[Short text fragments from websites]
_____

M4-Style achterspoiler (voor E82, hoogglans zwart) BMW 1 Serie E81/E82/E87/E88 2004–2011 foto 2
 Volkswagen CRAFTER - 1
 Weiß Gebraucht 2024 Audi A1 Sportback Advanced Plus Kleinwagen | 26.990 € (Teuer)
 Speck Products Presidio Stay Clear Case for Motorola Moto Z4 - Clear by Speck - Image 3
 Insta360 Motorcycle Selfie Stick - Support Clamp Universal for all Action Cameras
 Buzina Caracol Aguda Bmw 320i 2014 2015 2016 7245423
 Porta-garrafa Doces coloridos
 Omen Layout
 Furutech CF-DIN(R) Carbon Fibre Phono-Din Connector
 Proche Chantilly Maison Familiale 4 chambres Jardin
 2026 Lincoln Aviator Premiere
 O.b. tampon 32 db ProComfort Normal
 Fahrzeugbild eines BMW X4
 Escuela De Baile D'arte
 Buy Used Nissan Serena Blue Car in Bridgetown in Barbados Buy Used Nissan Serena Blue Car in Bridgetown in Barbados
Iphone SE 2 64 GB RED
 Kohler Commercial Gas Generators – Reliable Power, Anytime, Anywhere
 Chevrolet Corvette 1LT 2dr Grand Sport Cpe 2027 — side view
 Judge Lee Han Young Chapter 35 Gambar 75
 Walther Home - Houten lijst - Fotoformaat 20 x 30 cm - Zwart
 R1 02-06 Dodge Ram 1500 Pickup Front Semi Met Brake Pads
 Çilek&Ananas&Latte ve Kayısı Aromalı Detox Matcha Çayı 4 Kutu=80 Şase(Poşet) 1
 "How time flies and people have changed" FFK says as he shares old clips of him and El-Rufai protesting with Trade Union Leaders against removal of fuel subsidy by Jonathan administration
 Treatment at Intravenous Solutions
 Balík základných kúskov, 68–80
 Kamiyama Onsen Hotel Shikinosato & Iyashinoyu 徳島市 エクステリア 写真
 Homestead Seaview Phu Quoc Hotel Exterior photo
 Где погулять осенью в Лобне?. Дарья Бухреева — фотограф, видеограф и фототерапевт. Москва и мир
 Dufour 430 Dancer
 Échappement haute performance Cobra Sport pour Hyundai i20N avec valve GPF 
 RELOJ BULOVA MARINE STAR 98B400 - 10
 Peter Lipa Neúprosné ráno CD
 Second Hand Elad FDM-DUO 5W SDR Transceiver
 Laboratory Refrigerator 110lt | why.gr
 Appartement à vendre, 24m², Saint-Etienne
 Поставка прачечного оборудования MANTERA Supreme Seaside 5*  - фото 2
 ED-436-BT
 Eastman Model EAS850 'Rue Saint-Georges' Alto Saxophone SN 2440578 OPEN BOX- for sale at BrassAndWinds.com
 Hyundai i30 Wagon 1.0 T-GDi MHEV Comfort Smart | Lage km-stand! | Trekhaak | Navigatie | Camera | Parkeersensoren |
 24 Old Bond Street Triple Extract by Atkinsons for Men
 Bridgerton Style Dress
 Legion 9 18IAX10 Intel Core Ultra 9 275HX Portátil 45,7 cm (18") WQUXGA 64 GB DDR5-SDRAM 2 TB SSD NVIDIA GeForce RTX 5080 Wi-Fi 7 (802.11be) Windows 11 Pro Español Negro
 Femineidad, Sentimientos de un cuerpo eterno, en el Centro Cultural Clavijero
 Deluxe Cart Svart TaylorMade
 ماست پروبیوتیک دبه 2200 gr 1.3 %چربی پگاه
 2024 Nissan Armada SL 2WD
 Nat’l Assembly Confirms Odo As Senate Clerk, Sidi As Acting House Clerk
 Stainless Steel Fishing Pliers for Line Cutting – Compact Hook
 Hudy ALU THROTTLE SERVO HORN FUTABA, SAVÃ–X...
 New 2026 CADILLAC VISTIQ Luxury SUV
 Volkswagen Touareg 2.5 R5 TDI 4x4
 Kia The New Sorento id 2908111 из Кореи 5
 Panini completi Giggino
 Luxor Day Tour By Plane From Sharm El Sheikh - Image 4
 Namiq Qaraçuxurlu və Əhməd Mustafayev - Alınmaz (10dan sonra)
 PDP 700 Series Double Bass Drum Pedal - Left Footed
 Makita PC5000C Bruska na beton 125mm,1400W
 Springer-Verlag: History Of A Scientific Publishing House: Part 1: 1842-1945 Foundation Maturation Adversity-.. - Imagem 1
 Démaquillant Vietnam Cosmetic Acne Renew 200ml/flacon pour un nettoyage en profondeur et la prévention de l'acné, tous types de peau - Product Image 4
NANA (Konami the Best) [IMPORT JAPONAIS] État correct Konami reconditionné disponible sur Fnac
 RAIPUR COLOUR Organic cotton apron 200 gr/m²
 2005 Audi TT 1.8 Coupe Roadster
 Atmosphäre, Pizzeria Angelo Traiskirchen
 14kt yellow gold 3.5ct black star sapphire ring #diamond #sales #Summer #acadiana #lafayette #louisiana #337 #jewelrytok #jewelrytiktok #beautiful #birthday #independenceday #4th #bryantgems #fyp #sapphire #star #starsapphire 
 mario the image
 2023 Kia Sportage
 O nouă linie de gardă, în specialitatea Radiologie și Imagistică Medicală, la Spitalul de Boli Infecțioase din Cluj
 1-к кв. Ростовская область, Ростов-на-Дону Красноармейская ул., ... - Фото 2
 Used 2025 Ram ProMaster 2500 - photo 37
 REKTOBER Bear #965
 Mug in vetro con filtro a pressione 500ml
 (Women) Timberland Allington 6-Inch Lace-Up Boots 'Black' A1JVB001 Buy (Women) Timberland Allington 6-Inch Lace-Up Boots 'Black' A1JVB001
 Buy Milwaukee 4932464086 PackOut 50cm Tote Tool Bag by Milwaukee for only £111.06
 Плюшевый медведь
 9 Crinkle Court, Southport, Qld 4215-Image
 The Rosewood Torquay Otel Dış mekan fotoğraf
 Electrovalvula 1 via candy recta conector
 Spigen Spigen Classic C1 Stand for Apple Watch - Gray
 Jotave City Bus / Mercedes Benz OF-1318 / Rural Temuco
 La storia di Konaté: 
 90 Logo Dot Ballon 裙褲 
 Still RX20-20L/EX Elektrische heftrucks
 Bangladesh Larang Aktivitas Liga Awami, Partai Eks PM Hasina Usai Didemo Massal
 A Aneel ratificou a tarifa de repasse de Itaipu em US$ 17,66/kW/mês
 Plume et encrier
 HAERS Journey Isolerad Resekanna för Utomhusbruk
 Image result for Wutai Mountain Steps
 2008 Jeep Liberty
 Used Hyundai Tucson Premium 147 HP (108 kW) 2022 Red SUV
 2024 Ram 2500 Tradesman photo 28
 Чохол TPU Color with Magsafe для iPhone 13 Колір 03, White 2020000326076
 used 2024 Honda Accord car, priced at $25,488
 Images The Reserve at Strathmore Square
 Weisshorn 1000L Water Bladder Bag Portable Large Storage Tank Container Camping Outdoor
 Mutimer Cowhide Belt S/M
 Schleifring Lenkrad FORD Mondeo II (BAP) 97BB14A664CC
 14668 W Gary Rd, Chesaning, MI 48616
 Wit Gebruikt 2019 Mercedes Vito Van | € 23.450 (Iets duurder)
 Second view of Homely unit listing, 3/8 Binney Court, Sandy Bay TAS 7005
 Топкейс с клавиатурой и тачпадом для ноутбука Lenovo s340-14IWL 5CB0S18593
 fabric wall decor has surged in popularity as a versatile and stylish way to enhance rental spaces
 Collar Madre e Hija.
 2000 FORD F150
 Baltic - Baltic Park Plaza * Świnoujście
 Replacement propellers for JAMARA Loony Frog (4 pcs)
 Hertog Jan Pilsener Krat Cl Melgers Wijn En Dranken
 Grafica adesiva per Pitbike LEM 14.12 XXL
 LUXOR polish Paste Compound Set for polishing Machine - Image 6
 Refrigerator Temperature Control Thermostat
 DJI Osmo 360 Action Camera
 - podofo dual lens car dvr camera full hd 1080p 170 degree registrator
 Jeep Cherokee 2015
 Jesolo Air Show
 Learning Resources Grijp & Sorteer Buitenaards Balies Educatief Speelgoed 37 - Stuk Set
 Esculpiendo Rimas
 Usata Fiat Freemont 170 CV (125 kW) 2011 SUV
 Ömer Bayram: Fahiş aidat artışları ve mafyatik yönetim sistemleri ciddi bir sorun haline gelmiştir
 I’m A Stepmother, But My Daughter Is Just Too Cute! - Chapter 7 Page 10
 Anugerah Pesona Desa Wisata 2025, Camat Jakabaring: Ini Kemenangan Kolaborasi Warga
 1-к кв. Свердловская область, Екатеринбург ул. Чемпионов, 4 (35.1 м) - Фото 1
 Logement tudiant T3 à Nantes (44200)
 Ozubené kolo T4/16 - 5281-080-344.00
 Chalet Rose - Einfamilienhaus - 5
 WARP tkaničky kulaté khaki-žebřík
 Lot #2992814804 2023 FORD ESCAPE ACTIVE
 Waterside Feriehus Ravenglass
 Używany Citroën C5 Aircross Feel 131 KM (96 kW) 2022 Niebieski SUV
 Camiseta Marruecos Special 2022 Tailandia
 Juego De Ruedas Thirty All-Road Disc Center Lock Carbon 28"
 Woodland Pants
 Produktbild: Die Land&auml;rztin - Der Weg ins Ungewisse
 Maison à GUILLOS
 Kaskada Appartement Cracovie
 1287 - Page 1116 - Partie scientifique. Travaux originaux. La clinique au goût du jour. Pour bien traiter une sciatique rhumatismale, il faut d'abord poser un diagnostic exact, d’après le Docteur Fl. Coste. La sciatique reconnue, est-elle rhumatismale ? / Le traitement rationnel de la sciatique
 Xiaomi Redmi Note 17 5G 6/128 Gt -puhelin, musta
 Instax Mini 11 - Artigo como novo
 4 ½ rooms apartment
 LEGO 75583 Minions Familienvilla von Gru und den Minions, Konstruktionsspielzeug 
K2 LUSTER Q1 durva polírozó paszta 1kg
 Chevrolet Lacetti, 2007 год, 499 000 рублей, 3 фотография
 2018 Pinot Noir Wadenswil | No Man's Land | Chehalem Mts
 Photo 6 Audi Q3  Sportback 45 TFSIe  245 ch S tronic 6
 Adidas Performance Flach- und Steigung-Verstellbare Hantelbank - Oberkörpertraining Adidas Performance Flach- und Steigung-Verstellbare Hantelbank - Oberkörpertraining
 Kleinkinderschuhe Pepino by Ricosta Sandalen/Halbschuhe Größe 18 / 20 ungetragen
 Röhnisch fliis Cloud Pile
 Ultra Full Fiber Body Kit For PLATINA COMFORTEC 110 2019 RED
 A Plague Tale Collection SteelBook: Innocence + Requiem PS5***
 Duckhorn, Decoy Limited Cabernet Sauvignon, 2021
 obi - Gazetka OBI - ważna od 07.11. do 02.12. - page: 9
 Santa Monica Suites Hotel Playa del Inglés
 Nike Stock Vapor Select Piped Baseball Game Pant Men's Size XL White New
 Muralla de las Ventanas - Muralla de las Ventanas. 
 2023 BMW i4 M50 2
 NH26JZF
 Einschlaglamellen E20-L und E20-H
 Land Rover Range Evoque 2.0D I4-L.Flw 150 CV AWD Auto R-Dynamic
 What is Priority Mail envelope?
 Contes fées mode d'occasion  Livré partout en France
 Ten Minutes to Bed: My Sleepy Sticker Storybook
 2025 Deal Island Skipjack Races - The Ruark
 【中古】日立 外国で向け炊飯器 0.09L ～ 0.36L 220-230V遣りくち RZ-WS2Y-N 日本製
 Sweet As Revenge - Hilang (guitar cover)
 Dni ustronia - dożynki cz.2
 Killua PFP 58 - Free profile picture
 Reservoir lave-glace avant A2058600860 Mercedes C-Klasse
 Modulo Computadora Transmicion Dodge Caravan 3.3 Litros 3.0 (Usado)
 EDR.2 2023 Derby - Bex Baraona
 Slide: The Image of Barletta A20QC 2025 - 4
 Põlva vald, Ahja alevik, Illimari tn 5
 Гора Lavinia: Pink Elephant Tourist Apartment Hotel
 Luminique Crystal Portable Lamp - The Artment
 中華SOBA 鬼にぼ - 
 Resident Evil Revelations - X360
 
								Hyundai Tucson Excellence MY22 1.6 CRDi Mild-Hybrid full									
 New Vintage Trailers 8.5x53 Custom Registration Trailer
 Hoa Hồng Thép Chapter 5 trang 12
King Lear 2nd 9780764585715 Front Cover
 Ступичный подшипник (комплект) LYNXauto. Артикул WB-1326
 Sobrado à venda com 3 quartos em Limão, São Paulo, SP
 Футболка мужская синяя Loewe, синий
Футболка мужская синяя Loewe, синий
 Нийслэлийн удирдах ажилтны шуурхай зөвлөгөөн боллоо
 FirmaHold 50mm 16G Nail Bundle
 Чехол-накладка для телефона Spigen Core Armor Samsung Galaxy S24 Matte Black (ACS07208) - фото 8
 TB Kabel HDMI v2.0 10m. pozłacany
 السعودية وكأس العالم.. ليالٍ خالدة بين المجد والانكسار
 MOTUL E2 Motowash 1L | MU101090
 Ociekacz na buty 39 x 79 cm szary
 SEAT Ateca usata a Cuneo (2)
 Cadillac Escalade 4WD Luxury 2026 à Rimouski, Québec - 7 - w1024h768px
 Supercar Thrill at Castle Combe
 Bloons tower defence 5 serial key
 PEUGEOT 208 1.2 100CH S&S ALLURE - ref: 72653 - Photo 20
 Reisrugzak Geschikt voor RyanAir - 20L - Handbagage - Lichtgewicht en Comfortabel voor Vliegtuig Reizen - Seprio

_____

Please restate only the opening stretch of the records above: every line from the first through the one containing "Çilek&Ananas&Latte ve Kayısı", exactly as written.

● SOLUTION FOR THIS EXERCISE:
M4-Style achterspoiler (voor E82, hoogglans zwart) BMW 1 Serie E81/E82/E87/E88 2004–2011 foto 2
 Volkswagen CRAFTER - 1
 Weiß Gebraucht 2024 Audi A1 Sportback Advanced Plus Kleinwagen | 26.990 € (Teuer)
 Speck Products Presidio Stay Clear Case for Motorola Moto Z4 - Clear by Speck - Image 3
 Insta360 Motorcycle Selfie Stick - Support Clamp Universal for all Action Cameras
 Buzina Caracol Aguda Bmw 320i 2014 2015 2016 7245423
 Porta-garrafa Doces coloridos
 Omen Layout
 Furutech CF-DIN(R) Carbon Fibre Phono-Din Connector
 Proche Chantilly Maison Familiale 4 chambres Jardin
 2026 Lincoln Aviator Premiere
 O.b. tampon 32 db ProComfort Normal
 Fahrzeugbild eines BMW X4
 Escuela De Baile D'arte
 Buy Used Nissan Serena Blue Car in Bridgetown in Barbados Buy Used Nissan Serena Blue Car in Bridgetown in Barbados
Iphone SE 2 64 GB RED
 Kohler Commercial Gas Generators – Reliable Power, Anytime, Anywhere
 Chevrolet Corvette 1LT 2dr Grand Sport Cpe 2027 — side view
 Judge Lee Han Young Chapter 35 Gambar 75
 Walther Home - Houten lijst - Fotoformaat 20 x 30 cm - Zwart
 R1 02-06 Dodge Ram 1500 Pickup Front Semi Met Brake Pads
 Çilek&Ananas&Latte ve Kayısı Aromalı Detox Matcha Çayı 4 Kutu=80 Şase(Poşet) 1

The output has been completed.